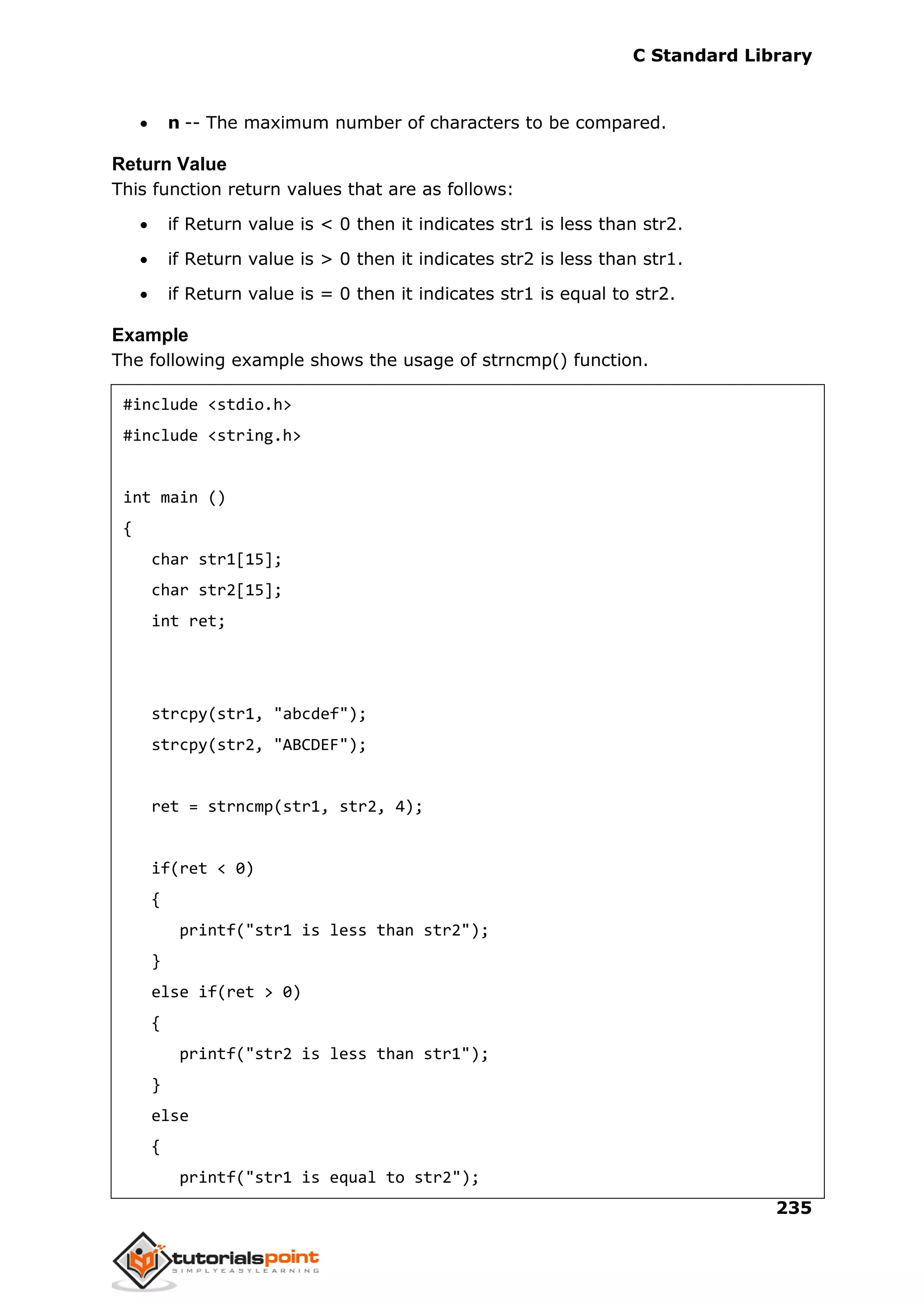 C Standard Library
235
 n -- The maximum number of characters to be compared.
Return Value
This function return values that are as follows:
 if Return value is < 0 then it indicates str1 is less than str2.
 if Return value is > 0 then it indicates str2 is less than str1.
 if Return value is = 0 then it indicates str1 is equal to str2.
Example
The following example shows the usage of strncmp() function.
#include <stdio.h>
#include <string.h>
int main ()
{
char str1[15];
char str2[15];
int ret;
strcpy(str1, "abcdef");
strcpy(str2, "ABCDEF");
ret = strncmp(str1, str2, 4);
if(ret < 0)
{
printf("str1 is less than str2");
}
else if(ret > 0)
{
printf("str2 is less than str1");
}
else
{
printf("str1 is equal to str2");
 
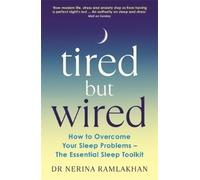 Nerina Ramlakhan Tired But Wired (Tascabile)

→ Task description
Leave out the pictures and give the listing above again exactly.

→ Solution for this task
 C Standard Library
235
 n -- The maximum number of characters to be compared.
Return Value
This function return values that are as follows:
 if Return value is < 0 then it indicates str1 is less than str2.
 if Return value is > 0 then it indicates str2 is less than str1.
 if Return value is = 0 then it indicates str1 is equal to str2.
Example
The following example shows the usage of strncmp() function.
#include <stdio.h>
#include <string.h>
int main ()
{
char str1[15];
char str2[15];
int ret;
strcpy(str1, "abcdef");
strcpy(str2, "ABCDEF");
ret = strncmp(str1, str2, 4);
if(ret < 0)
{
printf("str1 is less than str2");
}
else if(ret > 0)
{
printf("str2 is less than str1");
}
else
{
printf("str1 is equal to str2");
 
 Nerina Ramlakhan Tired But Wired (Tascabile)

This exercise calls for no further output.